EDUCAÇÃO INCLUSIVA NO ENSINO DE MATEMÁTICA: práticas e desafios no colégio de aplicação da UFRR
Palavras-chave:
Aprendizagem, Desafios pedagógicos, Educação inclusiva, PlanejamentoResumo
Durante o desenvolvimento das atividades do Programa Institucional de Iniciação à Docência (PIBID), vivenciamos experiências importantes voltadas à educação inclusiva no contexto escolar. O objetivo deste trabalho é compartilhar as experiências formativas de futuros professores de Matemática no acompanhamento de alunos com deficiência, destacando estratégias inclusivas e desafios enfrentados na sala de aula, no Colégio de Aplicação da UFRR. Tivemos a oportunidade de atuar de forma colaborativa no acompanhamento de alunos com diferentes necessidades educacionais, o que despertou em nós uma nova percepção sobre o papel do professor na construção de um ambiente inclusivo e humanizado.

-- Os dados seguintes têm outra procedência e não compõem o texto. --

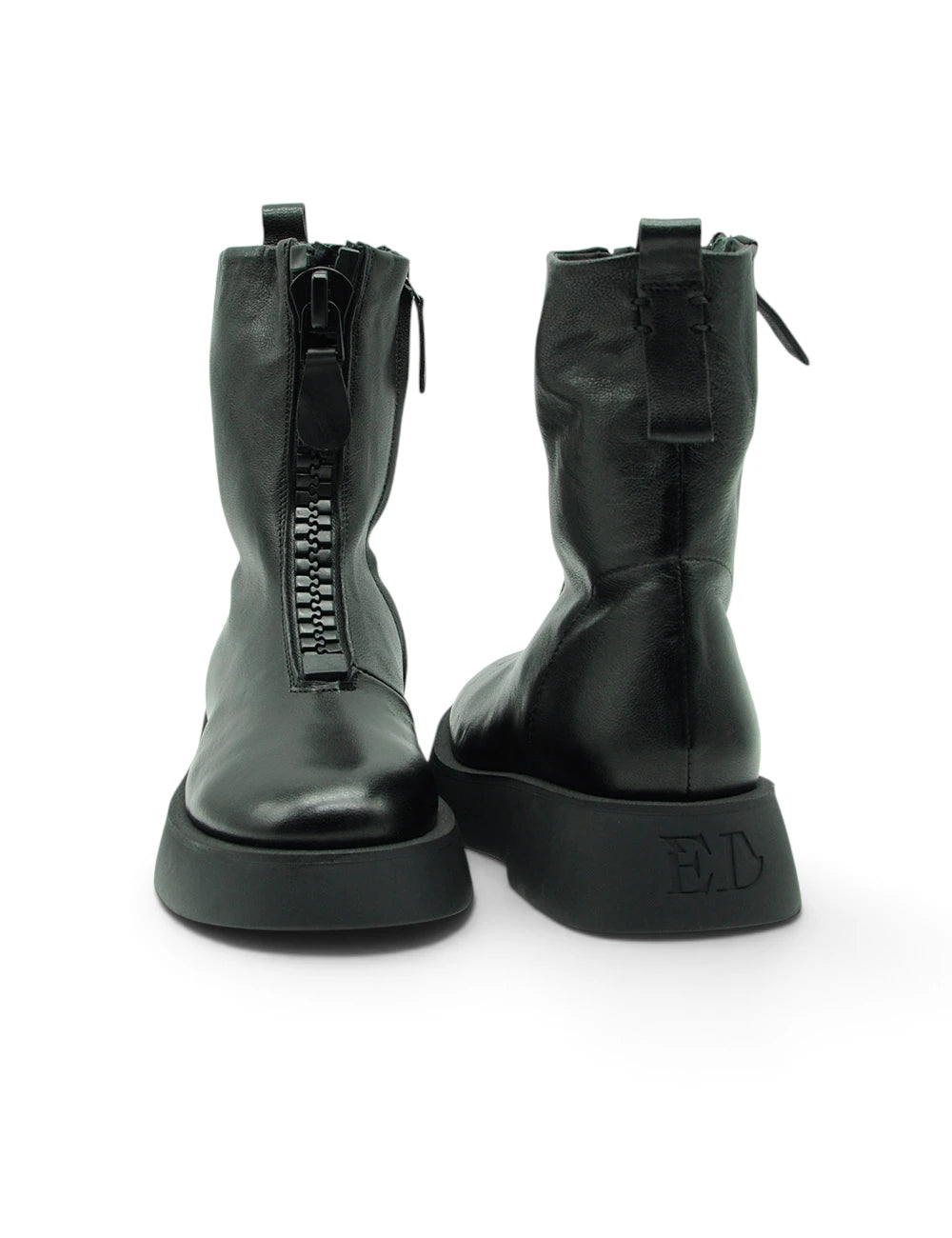 Black leather ankle boots ernesto dolani stivaletto nero with side zipper and thick chunky sole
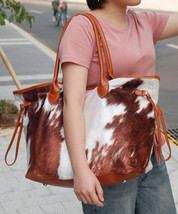 Suede Brown Cowhide Tote Bag  Cow Print Suede Handbag Large Women Purse DOM10714 - £45.10 GBP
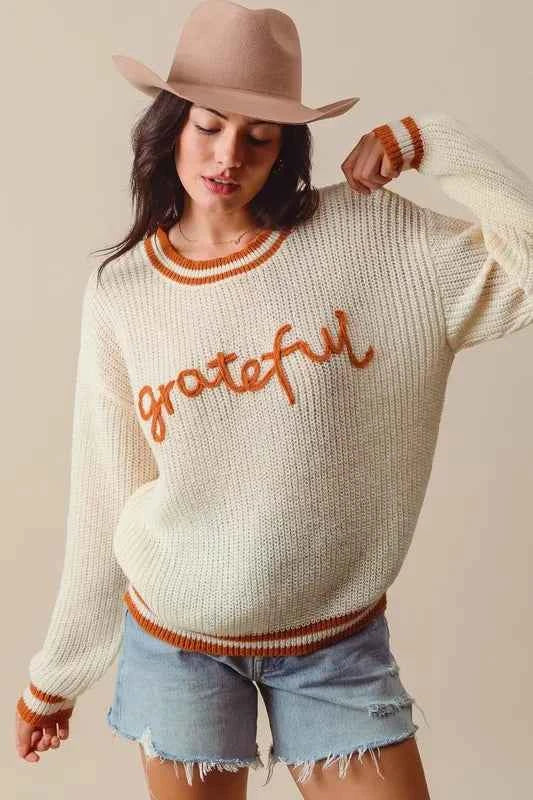 SO ME Thanksgiving Grateful Lettering Stitch Sweater e5d2ec67fe1f44ac990198ebacf96f86-Max-Origin
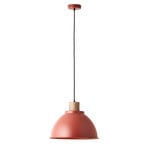 Erena pendant light, wooden detail, red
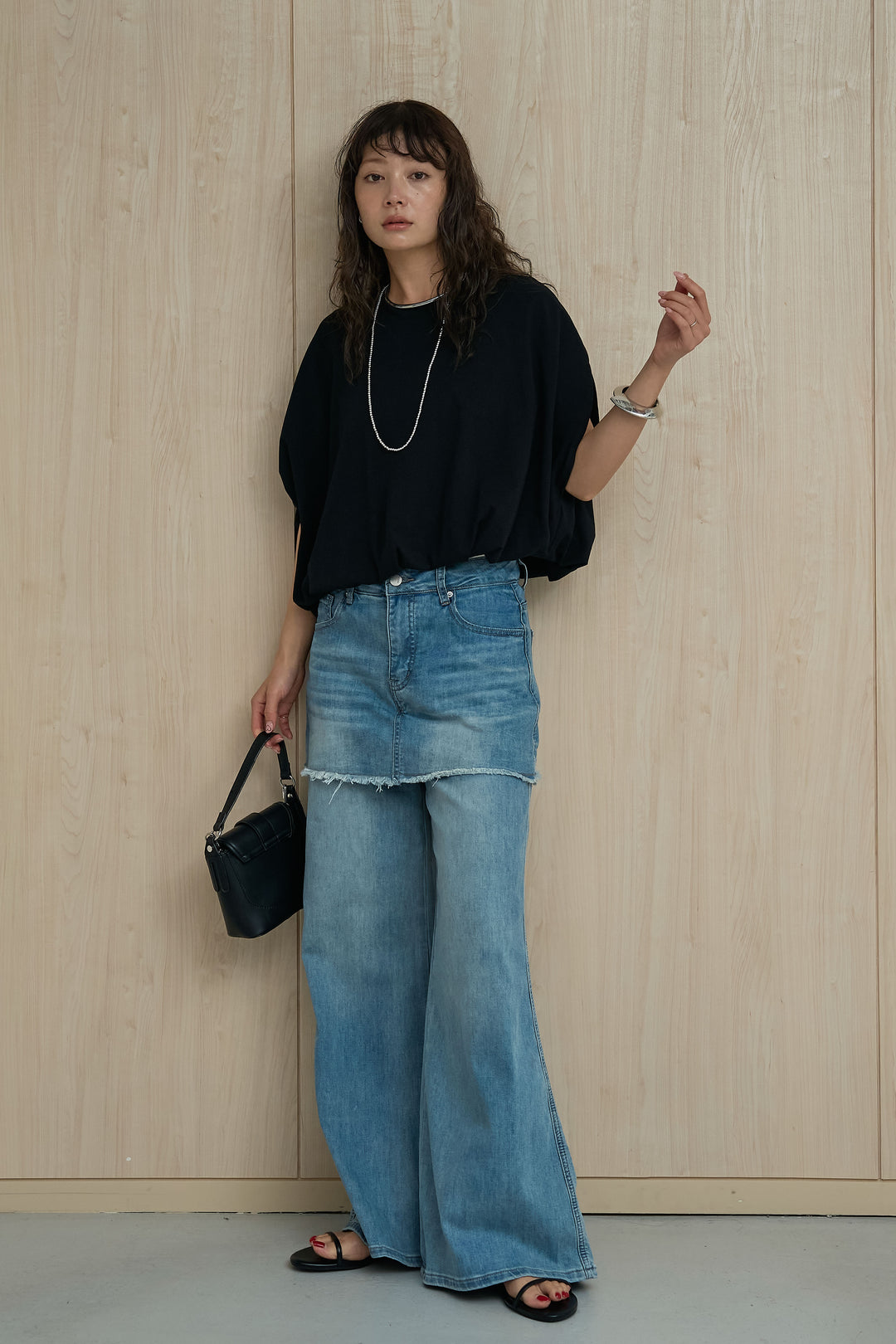 [SET]オーバークロップバルーンカットソー+スカートドッキングデニム(2set)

Uma das experiências marcantes foi o trabalho com uma aluna diagnosticada com microcefalia, cuja presença em sala de aula nos motivou a repensar estratégias, metodologias e formas de interação. Desde o início, buscamos adaptar o planejamento pedagógico, respeitando seu ritmo de aprendizagem e priorizando atividades concretas e acessíveis. Utilizamos materiais manipuláveis confeccionados com recursos recicláveis, como papelões, tampinhas de garrafa e texturas diversas, que contribuíram para tornar o ensino da matemática mais tangível, visual e estimulante. Durante essa vivência, também acompanhamos um aluno com baixa visão, o que ampliou ainda mais nossa compreensão sobre os desafios da inclusão. Em parceria com o professor supervisor, elaboramos adaptações simples, mas eficazes, como a ampliação de textos, o uso de contrastes visuais e o reposicionamento do aluno em sala, o que possibilitou avanços perceptíveis em sua participação. Essas experiências coletivas reforçaram em nós a convicção de que a educação inclusiva exige compromisso ético, criatividade pedagógica e sensibilidade. Compreendemos que não há um único método capaz de atender a todos, mas há caminhos diversos que se abrem quando o professor assume o papel de mediador, facilitador e ouvinte. A cada desafio enfrentado, crescemos não apenas como futuros docentes, mas como seres humanos mais empáticos e conscientes de nossa função social na escola. Concluímos que a inclusão é um processo contínuo de aprendizado e transformação. O que vivenciamos nos mostrou que, com planejamento, diálogo e vontade de fazer diferente, é possível construir espaços educacionais mais acessíveis, acolhedores e justos onde todos possam aprender, ensinar e conviver com dignidade.